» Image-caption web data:

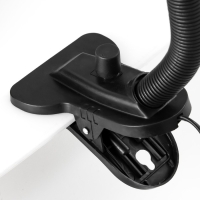 Лампа настольная Е27, светорегулятор, на зажиме (220В) фиолетовая (108А) RISALUX Лампа настольная Е27, светорегулятор, на зажиме (220В) фиолетовая (108А) RISALUX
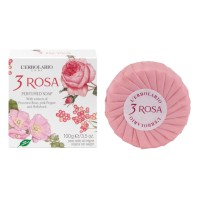 LErbolario 3 Rosa Perfumed Soap 100g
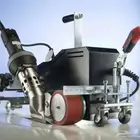 ماكينة لحام pvc ألماني كبيرة من شركة السنيدي للخيام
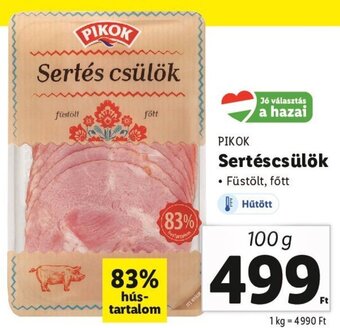 Lidl PIKOK Sertéscsülök 100 g ajánlat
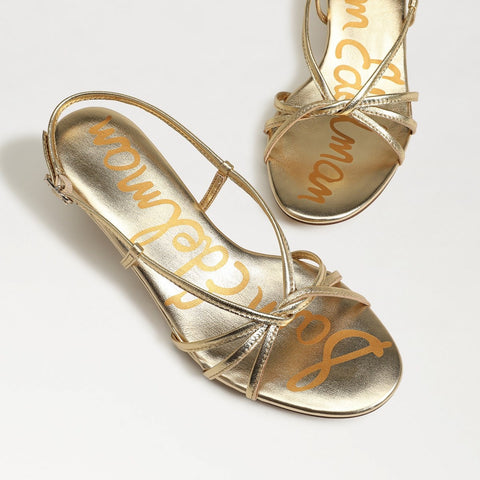 Cressa Strappy Kitten Heel Sandal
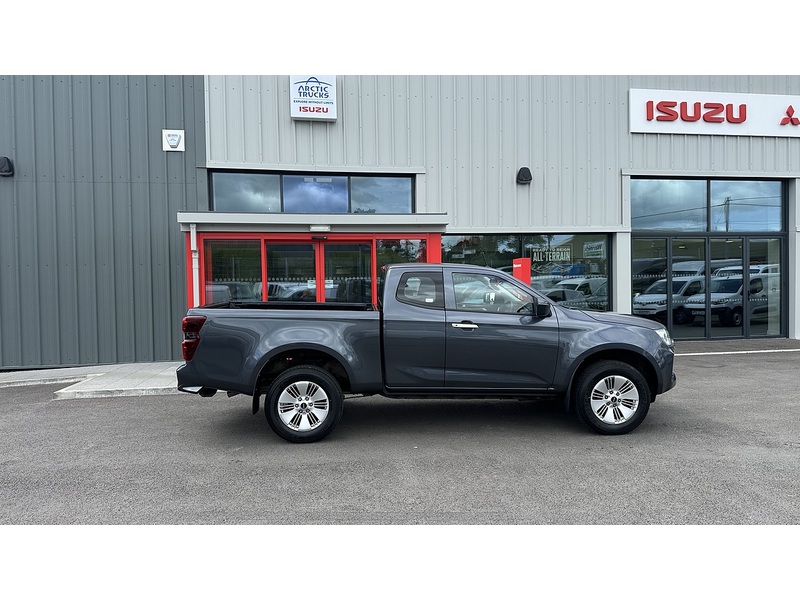 Isuzu 1.9 TD DL20 Pickup Extended Cab 2dr Diesel Manual 4WD Euro 6 (s/s) (164 ps)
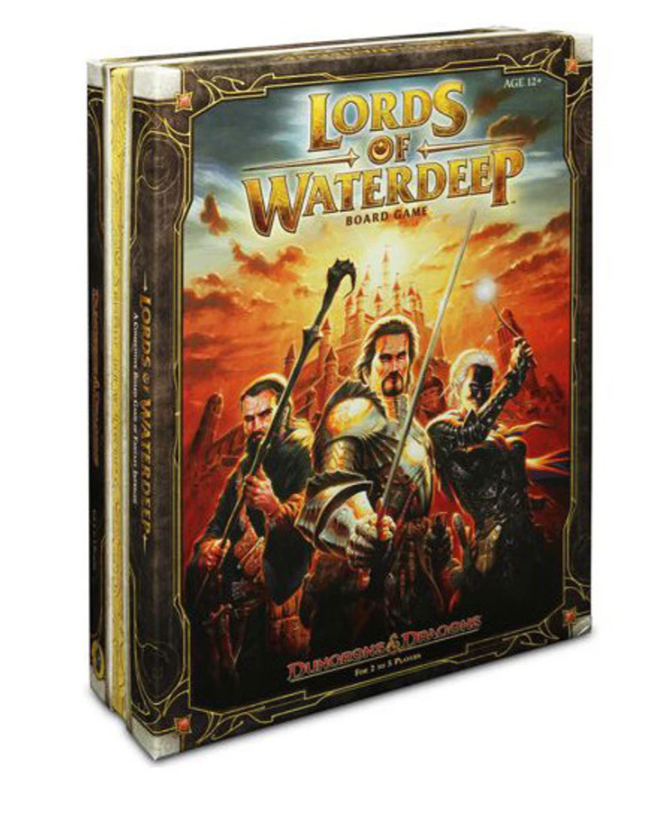 Lords of Waterdeep Board Game Age 12+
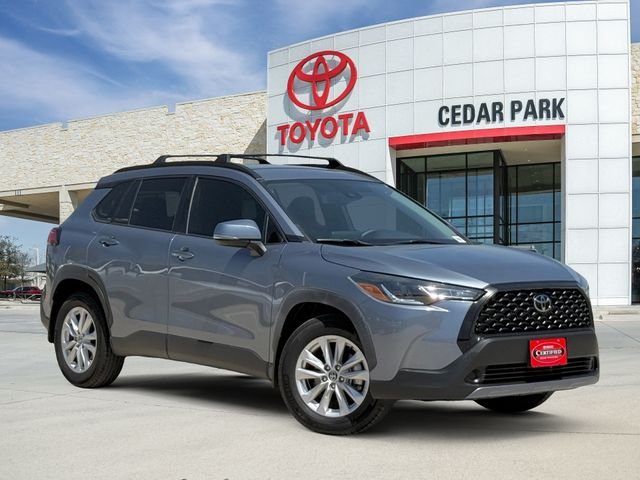 2022 Toyota Corolla Cross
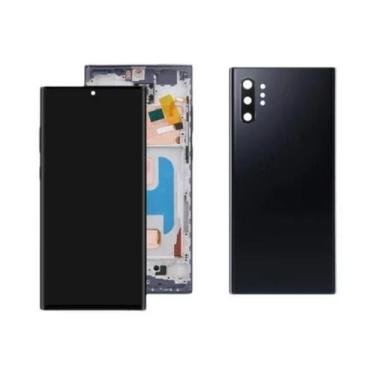 Imagem de Tela LCD TFT Digital Touch Com Moldura Para Samsung Note10+ N975F N976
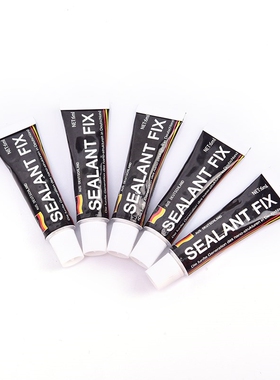 5pcs 12ml Sealant Fix Glue - Strong Glass Glue Silane Polyme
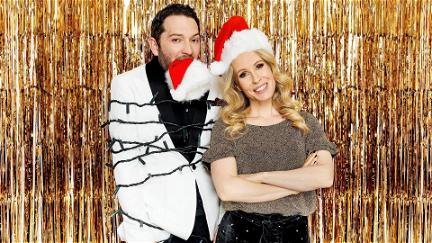 Jon & Lucy's Christmas Sleepover poster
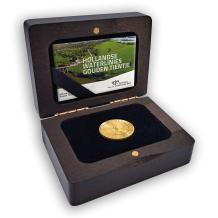 Hollandse Waterlinies 10 euro goud 2025 herdenkingsmunt proof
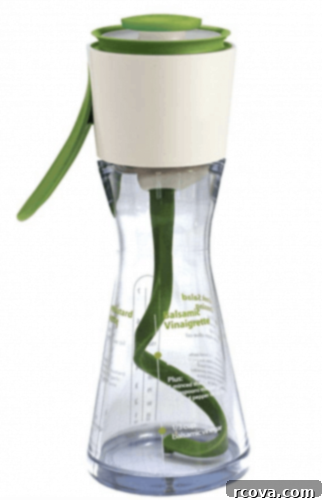 Culinary Curation: Gifts for Gourmet & Get-Ahead Cooks 20 Dressing Emulsifier for easily mixing and storing homemade salad dressings.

» WHAT YOU SHOULD DO:
The records above must all be output exactly. Omit the images.

» RESPONSE:
 Лампа настольная Е27, светорегулятор, на зажиме (220В) фиолетовая (108А) RISALUX Лампа настольная Е27, светорегулятор, на зажиме (220В) фиолетовая (108А) RISALUX
 LErbolario 3 Rosa Perfumed Soap 100g
 ماكينة لحام pvc ألماني كبيرة من شركة السنيدي للخيام
 Lidl PIKOK Sertéscsülök 100 g ajánlat
 Cressa Strappy Kitten Heel Sandal
 Isuzu 1.9 TD DL20 Pickup Extended Cab 2dr Diesel Manual 4WD Euro 6 (s/s) (164 ps)
 Lords of Waterdeep Board Game Age 12+
 2022 Toyota Corolla Cross
 Imagem de Tela LCD TFT Digital Touch Com Moldura Para Samsung Note10+ N975F N976
 5pcs 12ml Sealant Fix Glue - Strong Glass Glue Silane Polyme
 Jon & Lucy's Christmas Sleepover poster
 Hollandse Waterlinies 10 euro goud 2025 herdenkingsmunt proof
 Culinary Curation: Gifts for Gourmet & Get-Ahead Cooks 20 Dressing Emulsifier for easily mixing and storing homemade salad dressings.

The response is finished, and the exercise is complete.